[Opening Entries shown section]
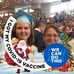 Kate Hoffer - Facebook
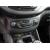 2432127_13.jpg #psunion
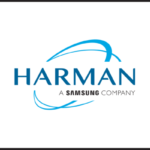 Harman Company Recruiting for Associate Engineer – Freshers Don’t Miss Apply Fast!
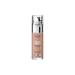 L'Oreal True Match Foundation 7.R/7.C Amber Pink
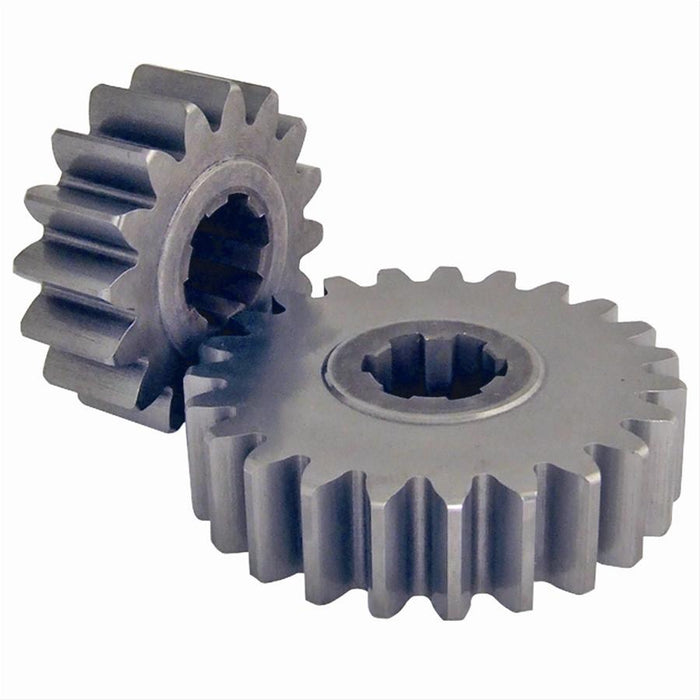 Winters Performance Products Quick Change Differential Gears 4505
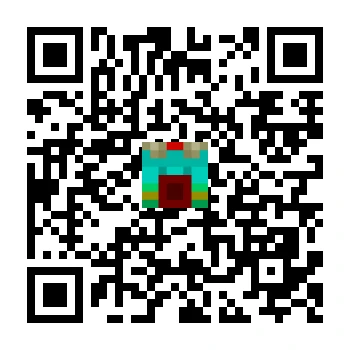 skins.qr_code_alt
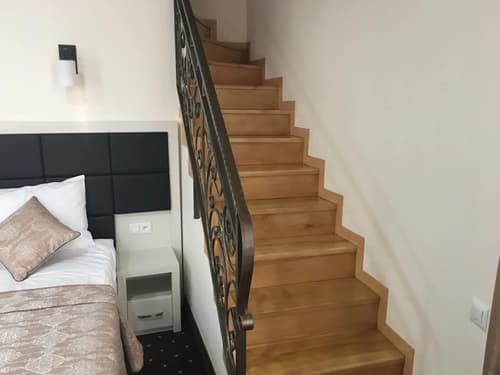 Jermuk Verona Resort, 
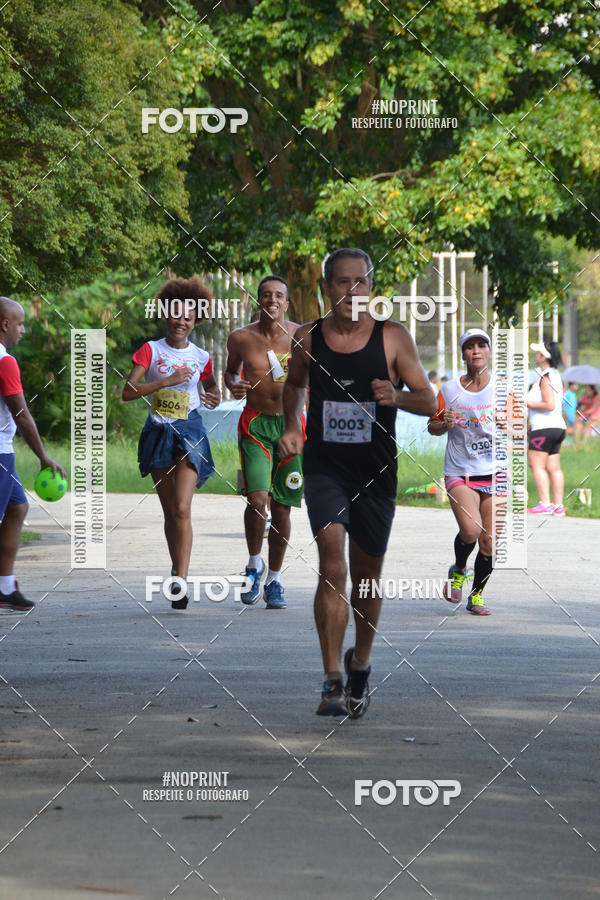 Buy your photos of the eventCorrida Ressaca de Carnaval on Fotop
[Closing Entries shown section]
Your copy should match the data exactly, apart from the images, which are dropped.

 Kate Hoffer - Facebook
 2432127_13.jpg #psunion
 Harman Company Recruiting for Associate Engineer – Freshers Don’t Miss Apply Fast!
 L'Oreal True Match Foundation 7.R/7.C Amber Pink
 Winters Performance Products Quick Change Differential Gears 4505
 skins.qr_code_alt
 Jermuk Verona Resort, 
 Buy your photos of the eventCorrida Ressaca de Carnaval on Fotop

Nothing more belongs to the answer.